DATA SHOWN Start Marker

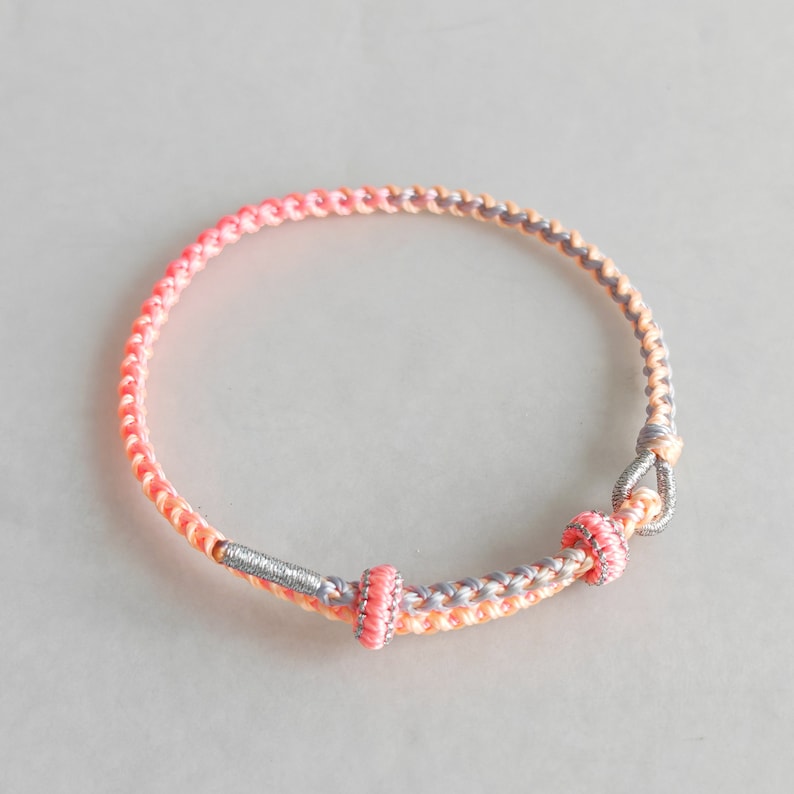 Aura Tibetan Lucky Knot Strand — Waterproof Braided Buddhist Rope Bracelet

DATA SHOWN End Marker
DATA SHOWN Start Marker

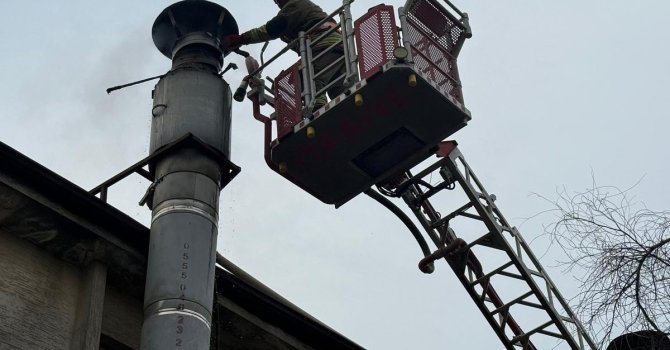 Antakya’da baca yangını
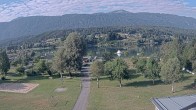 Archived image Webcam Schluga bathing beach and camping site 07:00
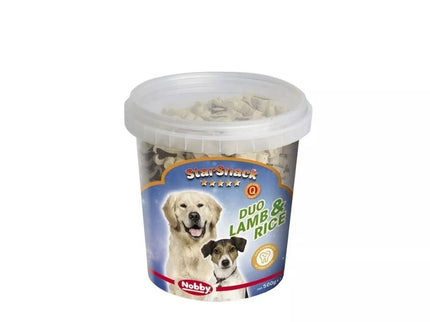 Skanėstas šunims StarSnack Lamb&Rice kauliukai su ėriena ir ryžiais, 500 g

DATA SHOWN End Marker

_EXERCISE GOAL_
When you reach the line with "Antakya’da baca yangını" in the records above, start writing out each line exactly, and stop after the line with "Skanėstas šunims StarSnack". Pictures stay out.

_EXERCISE RESPONSE_
 Antakya’da baca yangını
 Archived image Webcam Schluga bathing beach and camping site 07:00
 Skanėstas šunims StarSnack Lamb&Rice kauliukai su ėriena ir ryžiais, 500 g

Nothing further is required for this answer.